I'm writing a CUDA kernel scheduler. The scheduler gets a vector of Task pointers and brings them to execution. The pointers point to KernelTask objects of different type parameters to support kernels with arbitrary parameters. 
There's a CPU version of the Scheduler and a GPU version. The CPU version works just fine. It calls the virtual function Task::start to execute a Kernel. The GPU version has three problems:
- Virtual functions are not allowed in CUDA. How can I avoid them without down casting?
- std::get is a host function. Is there a way to implement std::get myself for the GPU?
- (Low priority) Because KernelTaskobjects are of diffrent size I copy all of them seperatly withcopyToGPU().
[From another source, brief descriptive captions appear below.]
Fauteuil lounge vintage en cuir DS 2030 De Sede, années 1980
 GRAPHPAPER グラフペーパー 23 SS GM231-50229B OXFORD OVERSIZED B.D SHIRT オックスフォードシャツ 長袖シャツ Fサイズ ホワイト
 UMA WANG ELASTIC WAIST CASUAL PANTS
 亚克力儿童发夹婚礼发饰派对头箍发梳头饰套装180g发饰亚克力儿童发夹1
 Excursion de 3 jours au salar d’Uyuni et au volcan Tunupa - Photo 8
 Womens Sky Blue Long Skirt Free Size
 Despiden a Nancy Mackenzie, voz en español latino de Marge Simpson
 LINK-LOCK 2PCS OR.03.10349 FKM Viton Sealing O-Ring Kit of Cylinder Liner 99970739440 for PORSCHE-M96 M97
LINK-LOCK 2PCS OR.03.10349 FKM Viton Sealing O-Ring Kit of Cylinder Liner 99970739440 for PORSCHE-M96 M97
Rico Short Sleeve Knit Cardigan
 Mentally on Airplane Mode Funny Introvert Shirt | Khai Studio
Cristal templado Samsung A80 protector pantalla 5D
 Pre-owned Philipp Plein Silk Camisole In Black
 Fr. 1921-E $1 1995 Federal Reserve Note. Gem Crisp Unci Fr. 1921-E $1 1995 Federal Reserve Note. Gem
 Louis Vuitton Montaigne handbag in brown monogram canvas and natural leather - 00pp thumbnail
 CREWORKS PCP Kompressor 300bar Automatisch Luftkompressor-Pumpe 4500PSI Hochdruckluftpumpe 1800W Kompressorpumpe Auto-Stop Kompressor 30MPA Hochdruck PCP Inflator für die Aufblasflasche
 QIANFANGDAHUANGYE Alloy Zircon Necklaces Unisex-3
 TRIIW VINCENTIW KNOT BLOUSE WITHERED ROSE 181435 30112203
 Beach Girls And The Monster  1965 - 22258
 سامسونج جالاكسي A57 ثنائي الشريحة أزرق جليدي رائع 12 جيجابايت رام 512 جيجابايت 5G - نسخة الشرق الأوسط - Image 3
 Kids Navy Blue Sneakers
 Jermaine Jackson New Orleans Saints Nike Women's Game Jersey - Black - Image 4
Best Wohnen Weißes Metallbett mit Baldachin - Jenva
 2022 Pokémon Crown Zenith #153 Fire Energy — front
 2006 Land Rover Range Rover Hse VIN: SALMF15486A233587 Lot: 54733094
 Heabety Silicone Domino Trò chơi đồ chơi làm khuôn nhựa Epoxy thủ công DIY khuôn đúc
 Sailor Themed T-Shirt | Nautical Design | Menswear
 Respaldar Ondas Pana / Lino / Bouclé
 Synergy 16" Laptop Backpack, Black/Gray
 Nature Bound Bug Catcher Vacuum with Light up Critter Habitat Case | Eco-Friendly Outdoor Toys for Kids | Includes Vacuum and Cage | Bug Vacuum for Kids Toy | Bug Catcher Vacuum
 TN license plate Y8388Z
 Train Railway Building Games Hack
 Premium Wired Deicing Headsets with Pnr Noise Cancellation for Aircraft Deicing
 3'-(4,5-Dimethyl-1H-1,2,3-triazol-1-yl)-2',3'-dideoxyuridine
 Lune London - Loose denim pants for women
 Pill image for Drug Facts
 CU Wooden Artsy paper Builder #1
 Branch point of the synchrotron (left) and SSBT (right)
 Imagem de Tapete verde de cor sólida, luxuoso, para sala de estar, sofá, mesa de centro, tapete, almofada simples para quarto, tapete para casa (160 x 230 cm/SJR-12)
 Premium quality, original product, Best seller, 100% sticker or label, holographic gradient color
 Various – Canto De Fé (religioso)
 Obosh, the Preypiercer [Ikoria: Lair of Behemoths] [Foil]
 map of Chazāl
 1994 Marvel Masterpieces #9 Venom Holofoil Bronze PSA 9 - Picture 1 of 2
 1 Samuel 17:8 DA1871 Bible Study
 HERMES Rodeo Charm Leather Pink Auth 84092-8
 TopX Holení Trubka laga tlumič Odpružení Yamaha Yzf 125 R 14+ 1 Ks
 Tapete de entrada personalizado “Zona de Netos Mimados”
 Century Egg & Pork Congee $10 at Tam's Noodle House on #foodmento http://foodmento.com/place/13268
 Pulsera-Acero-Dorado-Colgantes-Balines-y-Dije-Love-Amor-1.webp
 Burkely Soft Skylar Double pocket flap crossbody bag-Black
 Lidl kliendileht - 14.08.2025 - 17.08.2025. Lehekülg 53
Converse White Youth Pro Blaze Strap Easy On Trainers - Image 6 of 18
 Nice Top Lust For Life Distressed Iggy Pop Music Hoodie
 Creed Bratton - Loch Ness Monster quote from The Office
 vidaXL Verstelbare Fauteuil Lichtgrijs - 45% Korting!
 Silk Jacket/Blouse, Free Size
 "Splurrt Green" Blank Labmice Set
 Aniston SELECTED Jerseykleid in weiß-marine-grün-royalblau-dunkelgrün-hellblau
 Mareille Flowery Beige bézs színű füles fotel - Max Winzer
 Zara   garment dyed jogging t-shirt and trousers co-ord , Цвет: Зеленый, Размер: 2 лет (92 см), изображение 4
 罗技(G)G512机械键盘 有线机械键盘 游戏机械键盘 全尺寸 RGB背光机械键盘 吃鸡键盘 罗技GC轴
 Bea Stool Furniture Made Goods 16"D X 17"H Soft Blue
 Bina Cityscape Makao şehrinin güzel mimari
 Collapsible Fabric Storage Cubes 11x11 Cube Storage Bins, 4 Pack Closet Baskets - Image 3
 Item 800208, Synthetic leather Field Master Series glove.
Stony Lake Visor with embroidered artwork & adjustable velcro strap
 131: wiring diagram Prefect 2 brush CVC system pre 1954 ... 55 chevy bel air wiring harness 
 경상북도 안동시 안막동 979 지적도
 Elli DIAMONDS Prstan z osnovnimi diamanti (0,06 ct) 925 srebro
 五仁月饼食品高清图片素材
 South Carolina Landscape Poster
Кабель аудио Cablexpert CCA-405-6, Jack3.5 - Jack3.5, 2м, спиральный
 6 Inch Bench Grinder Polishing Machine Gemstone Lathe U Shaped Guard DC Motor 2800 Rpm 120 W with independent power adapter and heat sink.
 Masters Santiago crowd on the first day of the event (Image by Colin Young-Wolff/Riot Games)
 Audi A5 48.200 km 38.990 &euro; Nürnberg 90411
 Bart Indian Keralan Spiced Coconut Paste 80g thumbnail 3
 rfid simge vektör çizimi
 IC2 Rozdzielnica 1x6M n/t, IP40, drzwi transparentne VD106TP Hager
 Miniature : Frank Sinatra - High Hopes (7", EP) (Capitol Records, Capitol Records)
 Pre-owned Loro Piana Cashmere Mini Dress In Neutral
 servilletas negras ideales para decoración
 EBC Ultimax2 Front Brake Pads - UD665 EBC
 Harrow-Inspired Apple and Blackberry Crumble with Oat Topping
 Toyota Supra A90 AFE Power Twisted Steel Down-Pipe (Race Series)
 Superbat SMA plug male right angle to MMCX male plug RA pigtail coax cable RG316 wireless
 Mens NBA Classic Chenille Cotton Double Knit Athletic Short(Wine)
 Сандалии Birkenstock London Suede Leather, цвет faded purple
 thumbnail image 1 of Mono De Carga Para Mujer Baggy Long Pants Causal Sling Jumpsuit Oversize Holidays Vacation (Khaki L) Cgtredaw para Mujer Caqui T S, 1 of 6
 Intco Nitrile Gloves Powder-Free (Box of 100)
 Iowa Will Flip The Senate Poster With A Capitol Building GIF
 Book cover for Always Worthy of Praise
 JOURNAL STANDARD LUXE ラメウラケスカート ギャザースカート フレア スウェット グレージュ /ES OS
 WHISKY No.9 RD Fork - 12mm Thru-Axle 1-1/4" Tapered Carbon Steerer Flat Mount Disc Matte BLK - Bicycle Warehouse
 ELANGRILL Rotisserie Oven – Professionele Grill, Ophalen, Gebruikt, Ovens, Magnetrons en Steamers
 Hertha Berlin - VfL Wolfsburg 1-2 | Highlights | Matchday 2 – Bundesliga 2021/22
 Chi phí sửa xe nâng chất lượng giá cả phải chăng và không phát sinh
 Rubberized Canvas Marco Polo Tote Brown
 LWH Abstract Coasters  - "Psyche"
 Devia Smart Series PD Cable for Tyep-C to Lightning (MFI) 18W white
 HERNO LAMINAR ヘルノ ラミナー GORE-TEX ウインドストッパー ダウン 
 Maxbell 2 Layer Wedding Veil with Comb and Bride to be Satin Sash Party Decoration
Is there a way for batch copying?
Here is the code:
// see http://stackoverflow.com/questions/7858817/unpacking-a-tuple-to-call-a-matching-function-pointer
template<int ...>
struct seq { };
template<int N, int ...S>
struct gens : gens<N-1, N-1, S...> { };
template<int ...S>
struct gens<0, S...> {
  typedef seq<S...> type;
};
class Task {
private:
    bool visited;
    bool reached;
protected:
    std::vector<std::shared_ptr<Task>> dependsOn;
    Task();
public:
    Task **d_dependsOn = NULL;
    int d_dependsOnSize;
    Task *d_self = NULL;
    int streamId;
    int id;
    cudaStream_t stream;
    virtual void copyToGPU() = 0;
    virtual void start() = 0;
    virtual void d_start() = 0;
    virtual ~Task() {}
    void init();
    void addDependency(std::shared_ptr<Task> t);
    cudaStream_t dfs();
};
template<typename... Args>
class KernelTask : public Task {
private:
    std::tuple<Args...> params;
    dim3 threads;
    dim3 blocks;
    void (*kfp)(Args...);
    template<int ...S>
    void callFunc(seq<S...>) {
        // inserting task into stream
        this->kfp<<<this->blocks, this->threads, 0, this->stream>>>(std::get<S>(params) ...);
        checkCudaErrors(cudaGetLastError());
        if (DEBUG) printf("Task %d: Inserting Task in Stream.\n", this->id);
    }
    template<int ...S>
    __device__ void d_callFunc(seq<S...>) {
        // inserting task into stream
        this->kfp<<<this->blocks, this->threads, 0, this->stream>>>(std::get<S>(params) ...);
        if (DEBUG) printf("Task %d: Inserting Task in Stream.\n", this->id);
    }
    KernelTask(int id, void (*kfp)(Args...), std::tuple<Args...> params, dim3 threads, dim3 blocks);
public:
    ~KernelTask();
    void copyToGPU();
    void start() override {
        callFunc(typename gens<sizeof...(Args)>::type());
    }
    __device__ void d_start() override {
        d_callFunc(typename gens<sizeof...(Args)>::type());
    }
    static std::shared_ptr<KernelTask<Args...>> create(int id, void (*kfp)(Args...), std::tuple<Args...> params, dim3 threads, dim3 blocks);
};
class Scheduler {
private:
    std::vector<std::shared_ptr<Task>> tasks;
public:
    Scheduler(std::vector<std::shared_ptr<Task>> &tasks) {
        this->tasks = tasks;
    }
    void runCPUScheduler();
    void runGPUScheduler();
};
EDIT:
(1) Virtual Functions in CUDA: I get a Warp Illegal Address exception in scheduler in the following example:
struct Base {
    __host__ __device__ virtual void start() = 0;
    virtual ~Base() {}
};
struct Derived : Base {
    __host__ __device__ void start() override {
        printf("In start\n");
    }
};
__global__ void scheduler(Base *c) {
    c->start();
}
int main(int argc, char **argv) {
    Base *c = new Derived();
    Base *d_c;
    checkCudaErrors(cudaMalloc(&d_c, sizeof(Derived)));
    checkCudaErrors(cudaMemcpy(d_c, c, sizeof(Derived), cudaMemcpyHostToDevice));
    c->start();
    scheduler<<<1,1>>>(d_c);
    checkCudaErrors(cudaFree(d_c));
    return 0;
}
(2) thrust::tuple works fine.
(3) I'm open to suggestions.
(4) How do I pass a kernel function pointer to a kernel? I get a Warp Misaligned Address exception in the following example:
__global__ void baz(int a, int b) {
    printf("%d + %d = %d\n", a, b, a+b);
}
void schedulerHost(void (*kfp)(int, int)) {
    kfp<<<1,1>>>(1,2);
}
__global__ void schedulerDevice(void (*kfp)(int, int)) {
    kfp<<<1,1>>>(1,2);
}
int main(int argc, char **argv) {
    schedulerHost(&baz);
    schedulerDevice<<<1,1>>>(&baz);
    return 0;
}